You are viewing a plain text version of this content. The canonical link for it is here.
Posted to solr-user@lucene.apache.org by Ma...@ibsbe.be on 2007/03/28 13:24:36 UTC
Item Search Database
hi,
i have a performance question...
we need to implement a feature called 'Item Search Database', which
basically means we have to limit the documents a user can search ...
example :
Item1 is in database1
item2 is in database2
item3 is in database1 and database2
and the client can only see the items in database1
we currently solve this by making a new solrcolumn for each
searchdatabase... so it looks like this :
ITEMNAME DB1 DB2
----------------- ------ ------
Item1 true false
Item2 false true
Item3 true true
and we limit the result of a search by putting "db1:true" in the
querystring
but i have been reading about another method :
we could also use just one solrcolum and put the names of the database in
it...
like so :
ITEMNAME DB
----------------- -----
Item1 DB1
Item2 DB2
Item3 DB1 DB2
and limit the results by putting 'db:db1' in the querystring
and now for my question :
which of these options will be more performant ?
my guess is the first option will be the most performant since the indexes
will be better constructed
but i would really like a professional opinion on this ...
as i said, we are currently using the first option on 300.000 testrecords
and it is really performant.
some SearchDatabases have only 12 records in it and it takes less then 1ms
to get those 12 records back... so i'm guessing Solr is not searching the
full 300.000 records and i am kind of afraid that with the second option
Solr will have to search more records/indexes to get the same result...
well, hope you understand my question and thanks in advance !
- Maarten
PS: thank you to everybody on this list for the help and thank you to all
of the Solr/Lucene developers, great stuff !!
Re: Item Search Database
Posted by Yonik Seeley <yo...@apache.org>.

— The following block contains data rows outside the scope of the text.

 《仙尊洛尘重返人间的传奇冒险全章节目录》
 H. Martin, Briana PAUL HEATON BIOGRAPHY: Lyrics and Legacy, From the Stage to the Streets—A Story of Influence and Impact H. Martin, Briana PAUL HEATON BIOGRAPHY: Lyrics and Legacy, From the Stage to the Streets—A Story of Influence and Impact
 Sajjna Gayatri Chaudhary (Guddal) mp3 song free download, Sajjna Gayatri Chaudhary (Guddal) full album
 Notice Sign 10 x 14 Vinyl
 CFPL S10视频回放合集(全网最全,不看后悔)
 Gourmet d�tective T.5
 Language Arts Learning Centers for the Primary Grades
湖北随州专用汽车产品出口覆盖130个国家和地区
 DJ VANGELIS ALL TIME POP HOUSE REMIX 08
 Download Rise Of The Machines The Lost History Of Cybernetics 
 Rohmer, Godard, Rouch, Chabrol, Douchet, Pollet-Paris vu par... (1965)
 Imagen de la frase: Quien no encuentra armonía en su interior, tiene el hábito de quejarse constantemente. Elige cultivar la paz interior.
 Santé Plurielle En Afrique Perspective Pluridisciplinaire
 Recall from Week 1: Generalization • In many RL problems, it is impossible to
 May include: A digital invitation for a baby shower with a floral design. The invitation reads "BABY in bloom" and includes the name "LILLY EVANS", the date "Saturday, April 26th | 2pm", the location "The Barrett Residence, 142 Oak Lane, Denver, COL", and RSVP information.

On 3/28/07, Maarten.De.Vilder@ibsbe.be <Ma...@ibsbe.be> wrote:
> we need to implement a feature called 'Item Search Database', which
> basically means we have to limit the documents a user can search ...
>
> example :
> Item1 is in database1
> item2 is in database2
> item3 is in database1 and database2
> and the client can only see the items in database1
>
> we currently solve this by making a new solrcolumn for each
> searchdatabase... so it looks like this :
> ITEMNAME DB1 DB2
> ----------------- ------ ------
> Item1 true false
> Item2 false true
> Item3 true true
>
> and we limit the result of a search by putting "db1:true" in the
> querystring
>
> but i have been reading about another method :
> we could also use just one solrcolum and put the names of the database in
> it...
> like so :
> ITEMNAME DB
> ----------------- -----
> Item1 DB1
> Item2 DB2
> Item3 DB1 DB2
>
> and limit the results by putting 'db:db1' in the querystring
>
> and now for my question :
> which of these options will be more performant ?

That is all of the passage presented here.